Na sessão da Câmara de Vereadores desta segunda-feira, 19, o projeto de Zanella era para ter entrado na Ordem do Dia, mas isso não aconteceu, desta forma, o vereador usou seu momento na tribuna para mostrar a sua indignação sobre a situação. "Desde quando assumimos a presidência da Comissão de Infraestrutura nesta Casa, temos bastante dificuldade e inúmeras reclamações dos colegas vereadores com os despachos do departamento jurídico desta Casa. Muitas vezes reclamamos aqui da burocracia do poder público. Muitas vezes nós somos cobrados porque burocratizamos o serviço público e o que nós enxergamos, muitas vezes, é uma burocracia interna desnecessária por irresponsabilidade, falta de aperfeiçoamento e acompanhamento das matérias nesta casa. Eu digo isso, porque estaríamos votando aqui hoje o PLO 51, que é a flexibilização dos processos ambientais. Esse processo tramitou na casa por mais de 30 dias, o último relator da comissão deu parecer sem orientação técnico-jurídica. O regimento interno no seu artigo 58 diz que: após lida a matéria pela mesa, o departamento jurídico tem quatro dias úteis para emitir a orientação, passaram os 30 e não foi feito," destaca Zanella.
Conforme explicado pelo vereador em entrevista ao NB Notícias, o Departamento Jurídico colocou que foram mudados dois artigos da Lei em um mesmo documento e deveria ter sido feito apenas uma alteração, mas que poderia ser apresentado um projeto substitutivo no dia da votação sem a necessidade da matéria voltar para correção de acordo com o regimento interno da Casa Legislativa. "Foi uma falta de interpretação do próprio regimento que diz que poderia ter ido para a pauta e na sessão ser apresentado um projeto substitutivo," esclarece Zanella. O parlamentar também frisa que a crítica não é para todo o setor e sim para um servidor. "Minha crítica é apenas para um servidor que, na minha opinião, está pessoalizando os projetos," esclarece Zanella.

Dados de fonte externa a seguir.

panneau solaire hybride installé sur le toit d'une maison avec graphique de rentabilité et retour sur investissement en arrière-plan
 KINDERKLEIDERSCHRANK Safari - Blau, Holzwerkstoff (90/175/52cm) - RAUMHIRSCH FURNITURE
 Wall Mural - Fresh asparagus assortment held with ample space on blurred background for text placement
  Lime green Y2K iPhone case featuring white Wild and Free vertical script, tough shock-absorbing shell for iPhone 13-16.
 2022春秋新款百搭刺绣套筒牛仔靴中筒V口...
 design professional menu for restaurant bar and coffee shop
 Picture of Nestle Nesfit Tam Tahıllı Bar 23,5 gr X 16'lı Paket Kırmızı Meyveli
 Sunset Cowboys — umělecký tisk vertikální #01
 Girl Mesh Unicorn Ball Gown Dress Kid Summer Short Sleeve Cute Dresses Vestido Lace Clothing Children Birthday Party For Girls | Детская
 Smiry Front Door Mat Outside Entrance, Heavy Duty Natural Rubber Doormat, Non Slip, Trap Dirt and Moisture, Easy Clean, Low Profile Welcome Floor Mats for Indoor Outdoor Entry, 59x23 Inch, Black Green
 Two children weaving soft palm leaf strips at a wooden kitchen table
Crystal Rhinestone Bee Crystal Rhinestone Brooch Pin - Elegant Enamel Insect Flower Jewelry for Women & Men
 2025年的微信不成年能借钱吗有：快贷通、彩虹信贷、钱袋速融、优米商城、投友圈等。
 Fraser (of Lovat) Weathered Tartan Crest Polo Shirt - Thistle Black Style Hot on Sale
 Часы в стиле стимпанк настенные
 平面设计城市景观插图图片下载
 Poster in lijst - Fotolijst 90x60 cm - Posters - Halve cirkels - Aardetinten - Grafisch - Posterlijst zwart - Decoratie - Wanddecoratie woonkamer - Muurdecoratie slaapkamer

Com toda essa situação, o vereador enviou novamente o projeto, agora como substitutivo e com todas as alterações sugeridas. Confira abaixo:
Art. 1° Altera o § 4° do Art. 61 da Lei Ordinária n° 4000, de 29 de setembro de 2006, que passa a vigorar com a seguinte redação:
"§ 4° Além de outras formas de composição ambiental que possam ser exigidas dos proprietários da vegetação nativa sujeita a corte, para cada árvore cortada, deverão plantar 10 (dez) mudas nativas, preferencialmente das mesmas espécies, com replantio obrigatório dentro de 02 (dois) anos, sendo permitido o máximo de 20% (vinte por cento) de falhas, comprovado mediante laudo técnico e vistoria da municipalidade. A reposição será feita mediante o plantio de, no mínimo, 1/3 (um terço) de essências nativas, preferencialmente, no Município de Bento Gonçalves ou no perímetro da bacia hidrográfica do Rio Taquari — Antas, em imóvel público ou privado, desde que haja anuência do dono do terreno, com a devida comprovação no órgão competente. (NR)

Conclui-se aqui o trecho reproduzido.